Aim of the exercise
Starting at the line with "Camiseta de tirantes", set down each line of the entries below through the last one, exactly as it stands.

Supplied material
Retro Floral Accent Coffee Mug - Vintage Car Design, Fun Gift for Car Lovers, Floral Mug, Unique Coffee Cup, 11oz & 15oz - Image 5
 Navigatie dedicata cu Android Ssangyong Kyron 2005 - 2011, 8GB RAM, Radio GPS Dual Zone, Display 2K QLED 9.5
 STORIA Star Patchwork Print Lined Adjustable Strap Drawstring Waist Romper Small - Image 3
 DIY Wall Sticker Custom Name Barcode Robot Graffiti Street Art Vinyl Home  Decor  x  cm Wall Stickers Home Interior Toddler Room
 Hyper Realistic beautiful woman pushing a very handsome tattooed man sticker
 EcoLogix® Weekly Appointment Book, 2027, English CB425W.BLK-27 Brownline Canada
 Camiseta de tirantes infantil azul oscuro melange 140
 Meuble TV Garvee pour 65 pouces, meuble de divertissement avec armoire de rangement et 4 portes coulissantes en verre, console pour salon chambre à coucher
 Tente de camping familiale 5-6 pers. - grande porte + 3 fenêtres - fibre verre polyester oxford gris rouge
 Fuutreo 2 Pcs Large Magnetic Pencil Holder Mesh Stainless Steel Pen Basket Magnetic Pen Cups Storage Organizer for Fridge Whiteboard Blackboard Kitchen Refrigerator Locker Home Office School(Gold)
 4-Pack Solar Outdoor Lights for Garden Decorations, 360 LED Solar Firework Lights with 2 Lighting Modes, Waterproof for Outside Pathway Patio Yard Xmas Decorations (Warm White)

Expected answer
 Camiseta de tirantes infantil azul oscuro melange 140
 Meuble TV Garvee pour 65 pouces, meuble de divertissement avec armoire de rangement et 4 portes coulissantes en verre, console pour salon chambre à coucher
 Tente de camping familiale 5-6 pers. - grande porte + 3 fenêtres - fibre verre polyester oxford gris rouge
 Fuutreo 2 Pcs Large Magnetic Pencil Holder Mesh Stainless Steel Pen Basket Magnetic Pen Cups Storage Organizer for Fridge Whiteboard Blackboard Kitchen Refrigerator Locker Home Office School(Gold)
 4-Pack Solar Outdoor Lights for Garden Decorations, 360 LED Solar Firework Lights with 2 Lighting Modes, Waterproof for Outside Pathway Patio Yard Xmas Decorations (Warm White)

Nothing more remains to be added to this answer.